With a flare for the dramatic, Carey lashed a shot that hit the base of the wall in centerfield for a double. Stokes scored easily and Jesske, with his tender hamstring, chugged around the bases and ended it with a swan dive from at least fifteen-feet to score. Carey then scored on a Drew Grego single. Nebraska took an 8-5 lead.
Nowaczyk gave up a two-out solo homer to Schulte in the top of the eighth and then after walking the next batter, Tucker Timmerman came on and finished the inning. He also closed out the game in the ninth, showing his toughness after he gave up a double to Burt and battled the next two batters, who both grounded out. Fittingly, the last one was to Dylan Carey, Ball game! Nebraska 8, Iowa 6.
Not only was this a series win and a sweep, it also concluded an unbeaten Big Ten season at home. Should it be the last game played in Haymarket Park the season, what a way for the seniors to go out, particularly Dylan Carey who has meant so much to this team over the past four years.

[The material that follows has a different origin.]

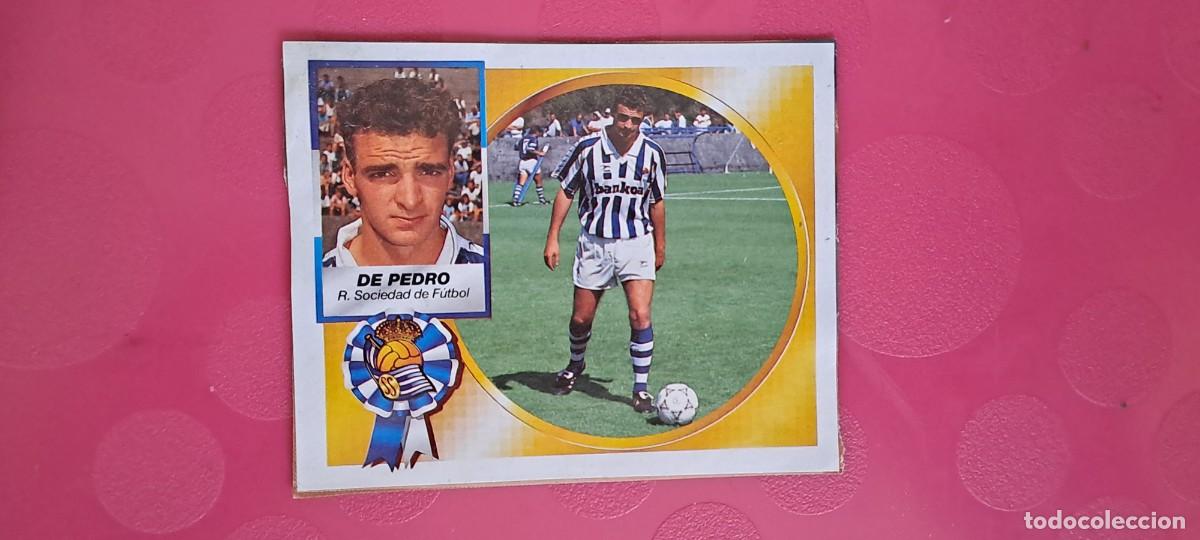 Collectionnisme Cartes &agrave; collectionner anciennes: DE PEDRO REAL SOCIEDAD ESTE 94 95 1994 1995 RECUPERADO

Colin Nowaczyk deserves a gold star today as well. He has not pitched as much as a lot of guys out of the bullpen, and certainly not that much on the weekends. He was very good today. The home run to Schulte was a blemish, but he struck out five of the ten batters he faced, and those three in a row in the seventh couldn’t have been any bigger and may have been the difference in the game.
In the B1G, the last week of the season always starts a day early, so next week Nebraska will be in Minneapolis to face the Golden Gophers on Thursday and Friday evening, and Saturday afternoon. Minnesota has had solid pitching most of the season and are in a logjam with four other teams for a spot in the conference tournament. They won a couple of games early in the season against Kansas and not that long ago took a series from Washington.

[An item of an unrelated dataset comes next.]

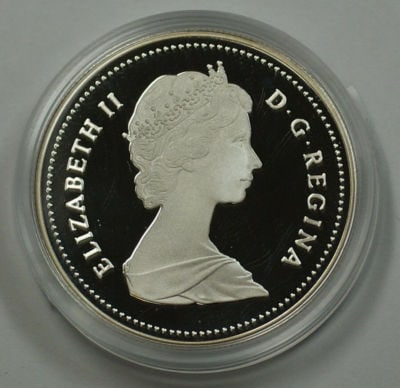 1987 Canada Proof Silver Dollar John Davis Commemorative Case COA (1 of 5)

Though they sit in second place, Nebraska has not clinched a spot in the top four in the standings and a coveted quarterfinal spot in the tournament. UCLA has, but Nebraska, Southern Cal, Oregon, and Purdue are all within two games of each other, and Michigan is just one game further back.
Before heading to Minnesota, the team will travel up I-80 to Omaha on Tuesday for their final game against Creighton this year. It will be interesting to see how they use their pitching because of the shortened week for the conference games.
Notes:
- Nebraska fans showed up this weekend setting another attendance record in the Big Ten Era with 22,815 passing through the gates for the series. Today’s attendance was 7948. We need to figure out how to get Texas or LSU to come to Lincoln to get back to the good old days when you couldn’t see any grass in the berms and people were standing four deep along the fences.
- Yesterday I sang the praises of Iowa’s third baseman Jaixen Frost defensive prowess and then today he made an error. I take nothing back as it was only his second error of the season, which for a third baseman is still incredibly good.
- I’m not sure how the judge’s scored it, but that head-first dive by Will Jesske into home in the seventh inning lacked technical superiority. It was most definitely not a slide and I wonder whether he got a mouthful of dirt!
- Finally, all the respect in the world to Coach Revelle and the Cornhusker softball team. Coach Revelle is Nebraska softball and to see her team have a season like this one. How great would it be to see this bunch in Oklahoma City!